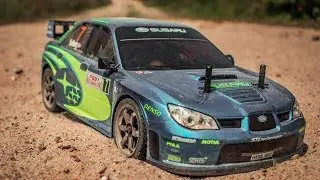 It was just too HOT out to run the MST Rally car!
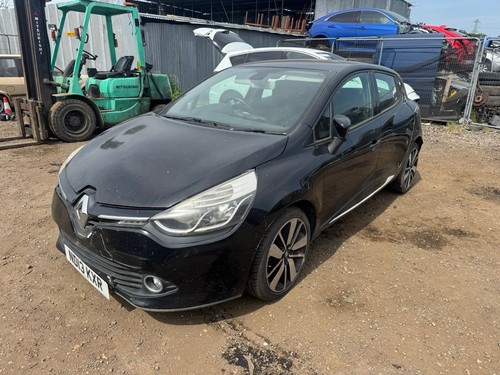 Renault clio 2013 black - black, 5door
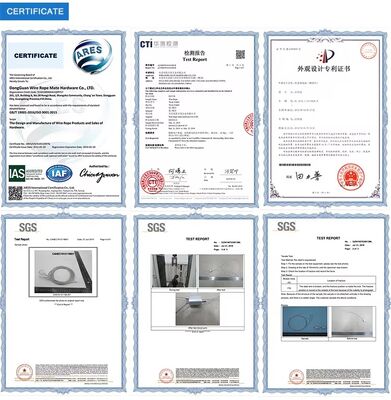 एम10 पुरुष थ्रेड पीतल तांबा केबल ग्रिपर सस्पेंशन किट वायर रोप क्लिप एलईडी पार्ट के लिए
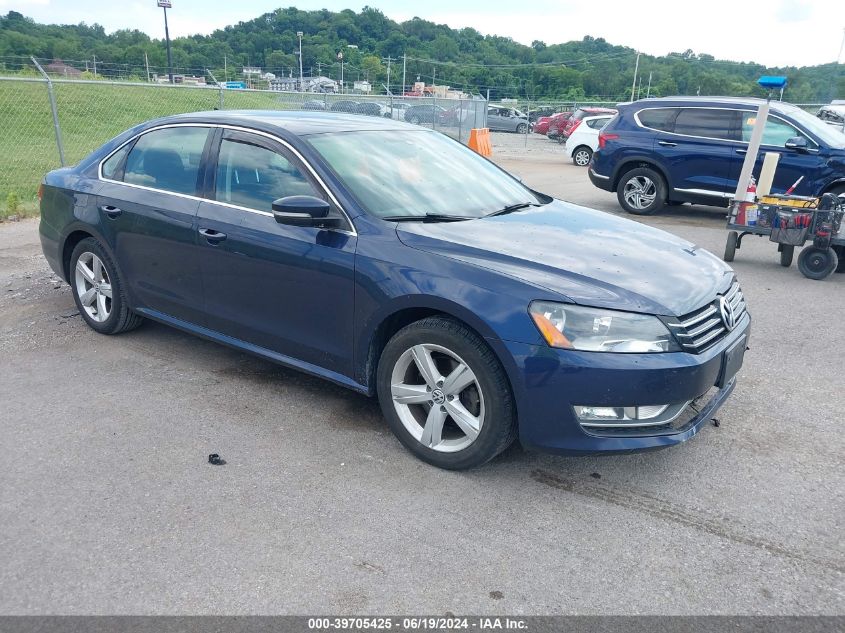 2015 VOLKSWAGEN PASSAT 1.8T LIMITED EDITION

● Problem details
Transcribe the listing in full and omit the pictures.

● Task solution
 It was just too HOT out to run the MST Rally car!
 Renault clio 2013 black - black, 5door
 एम10 पुरुष थ्रेड पीतल तांबा केबल ग्रिपर सस्पेंशन किट वायर रोप क्लिप एलईडी पार्ट के लिए
 2015 VOLKSWAGEN PASSAT 1.8T LIMITED EDITION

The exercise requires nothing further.